(photo credit: ANTON CHIKISHEV / HEBREW UNIVERSITY)
Israeli researchers discovered the world’s longest salt cave: Malham Cave in the Dead Sea’s Mount Sodom area, measuring 10 kilometers long.
An international expedition led by the Hebrew University of Jerusalem’s Cave Research Center (CRC), Israel Cave Explorers Club and Bulgaria’s Sofia Speleo Club – along with 80 cavers from nine countries – recently completed mapping the cave.
“Thirty years ago, when we surveyed Malham, we used tape measures and compasses,” explained Prof. Amos Frumkin, director of the CRC at Hebrew University’s Institute of Earth Sciences. “Now, we have laser technology that beams measurements right to our iPhones.”

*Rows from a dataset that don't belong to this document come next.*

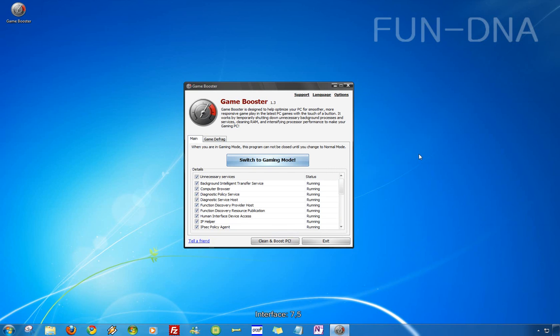So I would give the speed around a 6, it's not very fast but it makes your computer a lot faster so that's a good thing and it does what it needs to do. So I would give everything around an 8 or a 9 so that's very good. I recommend it to everyone who likes to play games on his or her computer.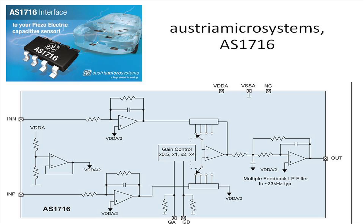A programmable gain stage and a two-pole low-pass multiple feedback filter. The sensor targets the requirements of automotive knock sensors but can also be used for industrial sensor applications.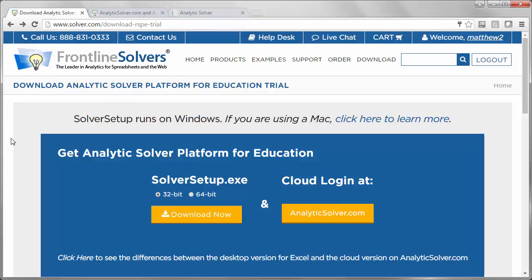To wrap up, Frontline Systems appreciates your interest in Analytics Solver Platform. We wish you the very best in your course. We hope you'll learn a great deal about what you can do with advanced analytics using tools like these. Take care.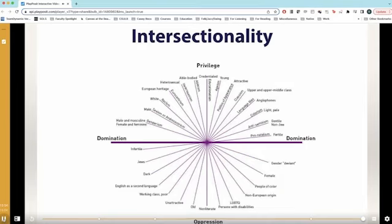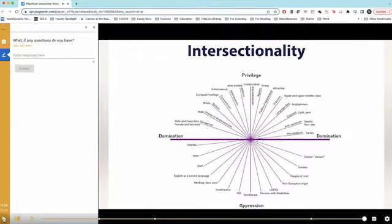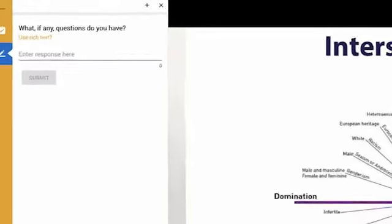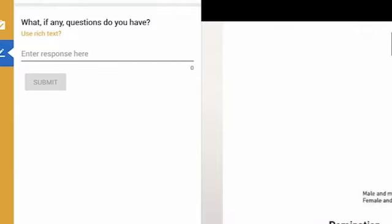For example, I mentioned earlier that I can add different types of questions to PlayPosit videos. I have found that by ending the video with asking students questions about what they've learned from the lecture, it helps me identify topics that need to be reviewed in our next class meeting, and students are more actively engaged with the content.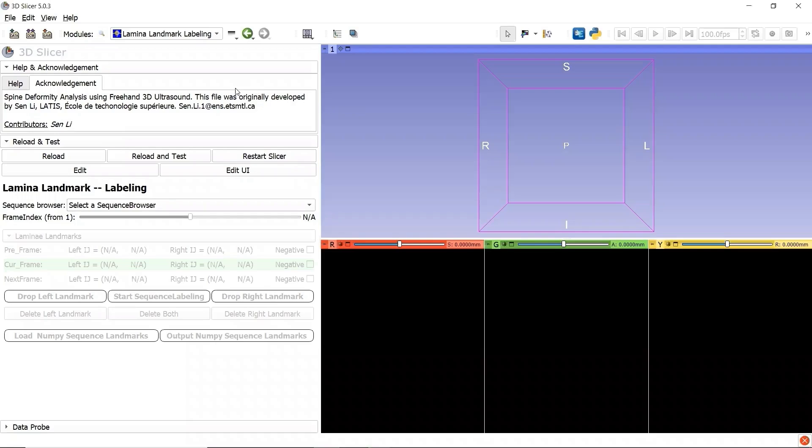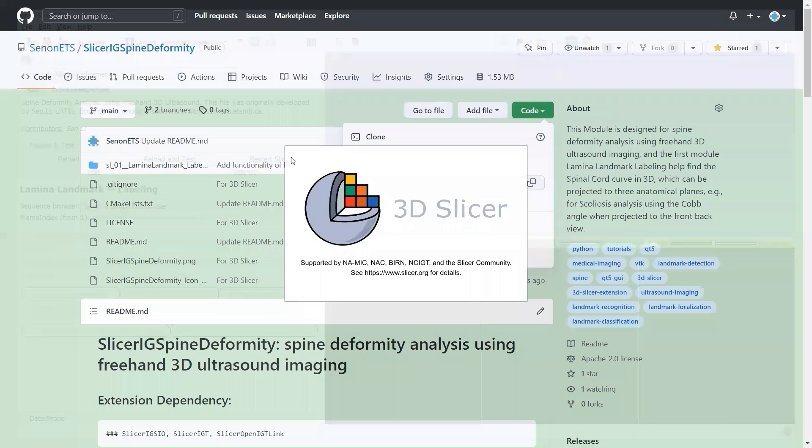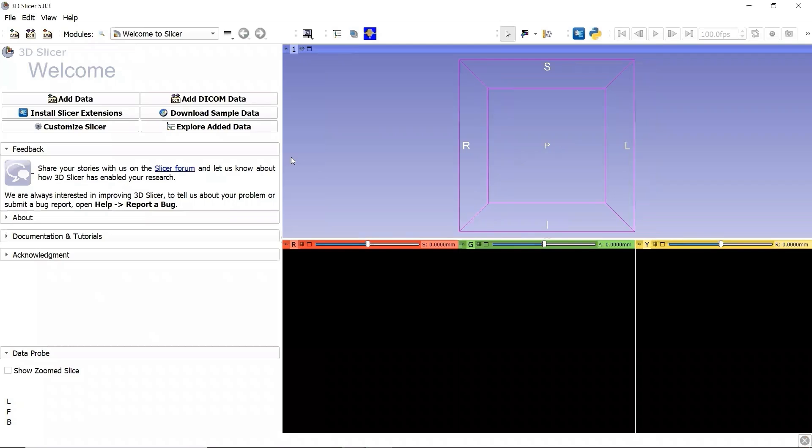Don't forget to restart before playing with this module for Spine Deformity Analysis. Click the button Restart Slicer and wait a few seconds for Slicer to restart. Here we go.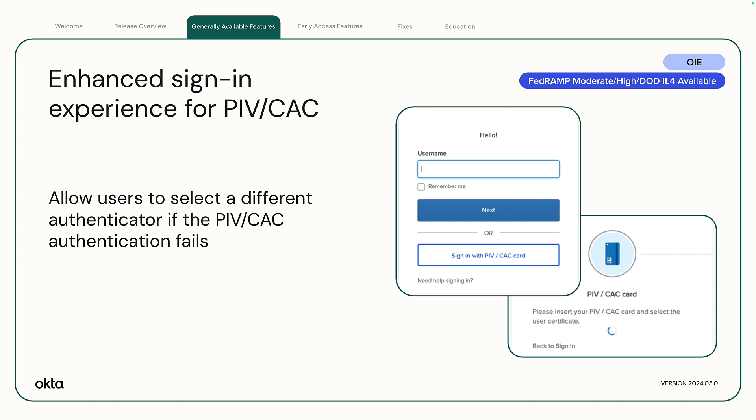Enhanced sign-in experience for personal identity verification and common access card. The sign-in widget has been updated to provide an improved user experience when signing in with a PIV or CAC card. The new experience allows users to select a different authenticator if the PIV or CAC authentication fails.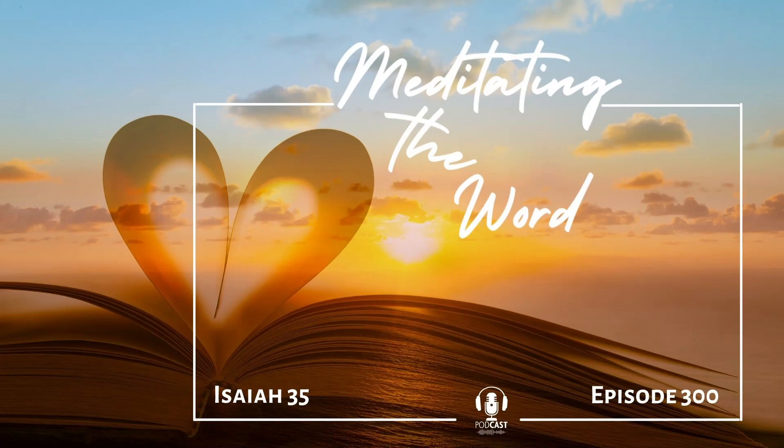Today's prayer meditation is on Isaiah 35. Even the wilderness and desert will be glad and whoop for joy in those days. The wasteland will rejoice and blossom with spring flowers.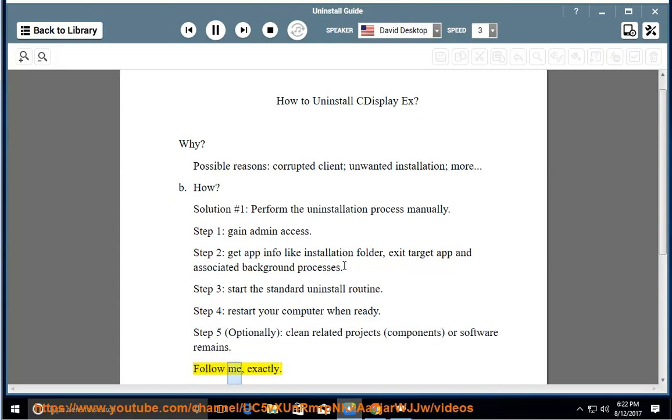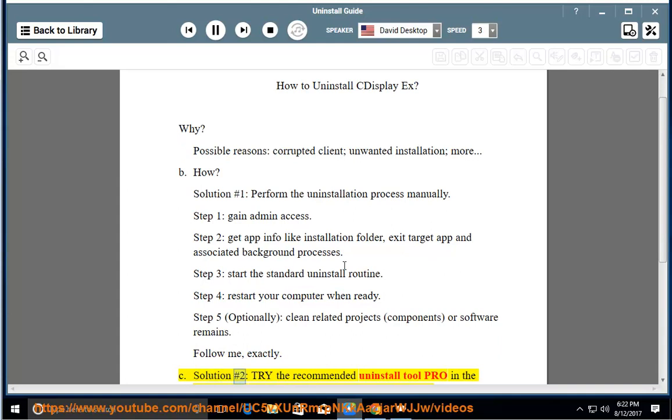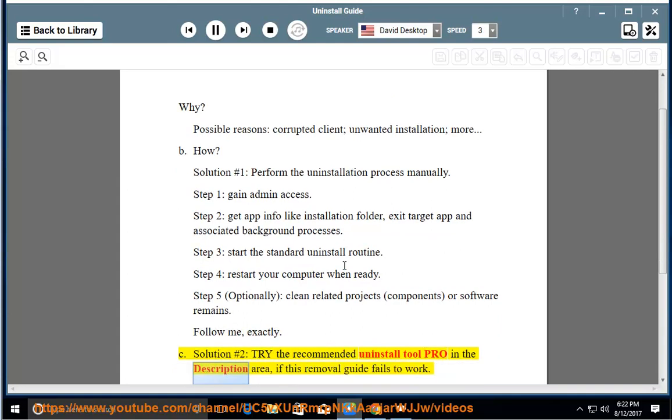Follow me exactly. See Solution number 2: try the recommended Uninstall Tool Pro in the description area if this removal guide fails to work.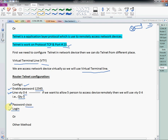There is another method as well — we can give a username and password individually. In the first method, only a password is asked. But if you have multiple network engineers, for example XYZ, ABC, each can be assigned their own username and password. We will first do the basic configuration, then we will see that method also.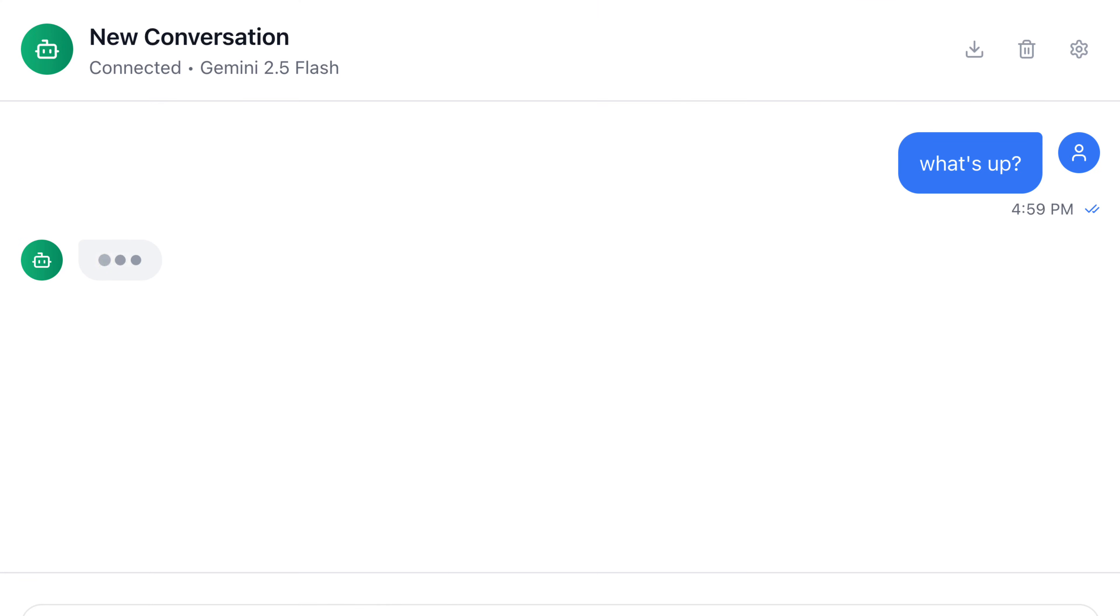That's how easy it is to add your favorite integration to Replit. Until next time, peace.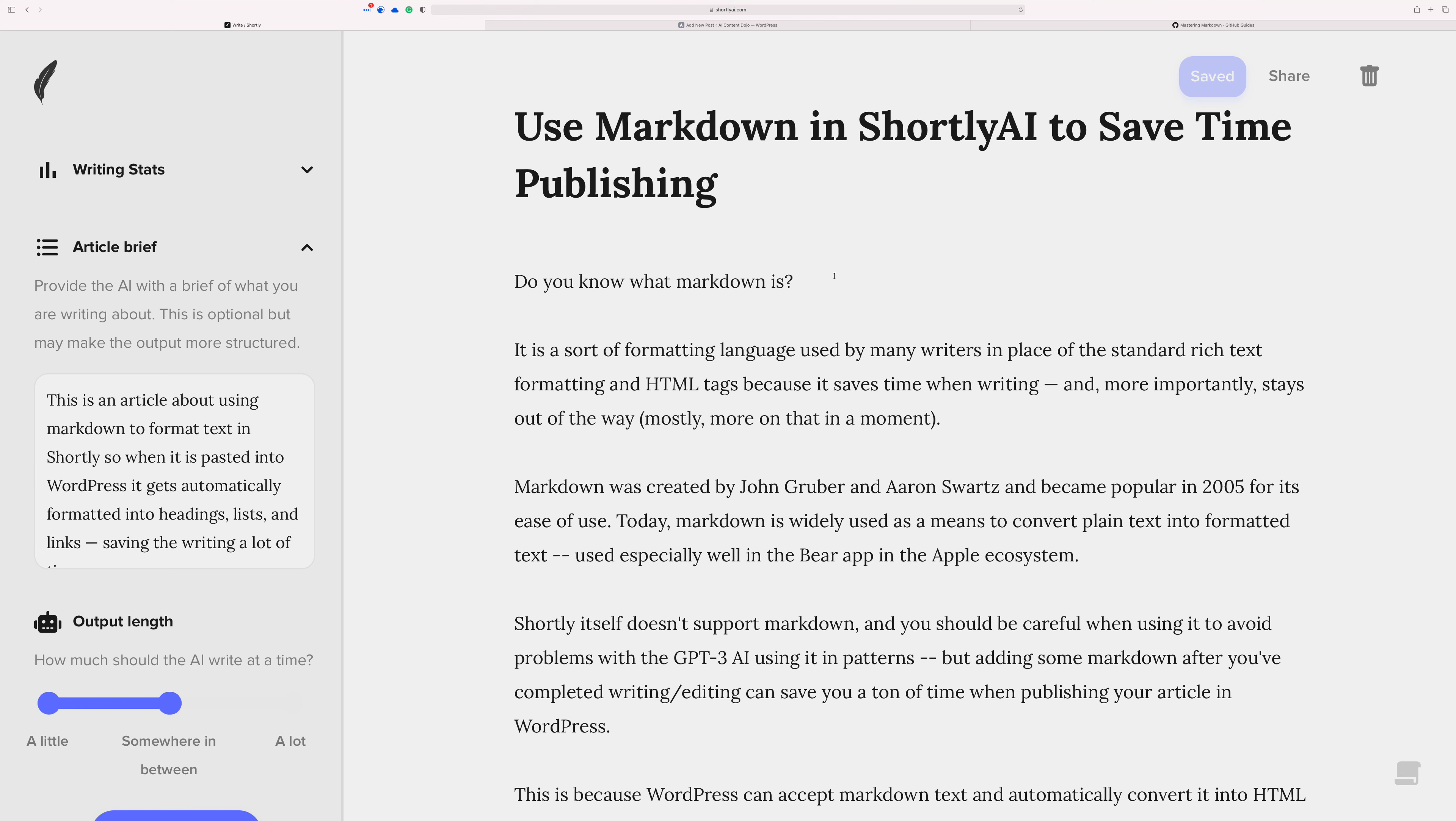Because stuff that's getting sent over to the AI could turn into patterns and things like that. That maybe as a writer you don't have to deal with it, but the developers would. And in many ways, I think I would prefer if Shortly didn't have to worry about that. So, markdown.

This technology helped the team to determine the cave’s record-breaking, double-digit length.
Malham was initially discovered by the CRC back in the 1980’s. Further CRC expeditions surveyed Mount Sodom and found more than 100 different salt caves inside, the longest of which measured 5,685 meters. Subsequent carbon-14 tests dated the cave at 7,000 years old, and that successive rainstorms created new passages to explore.
This new record was only discovered when international expeditions returned to Malham in 2018, supported by the Bulgarian Federation of Speleology, the Ministry of Youth and Sports in Bulgaria, the European Federation of Speleology and its sponsors – Aventure Verticale, Korda’s, Scurion and Bulgaria Air.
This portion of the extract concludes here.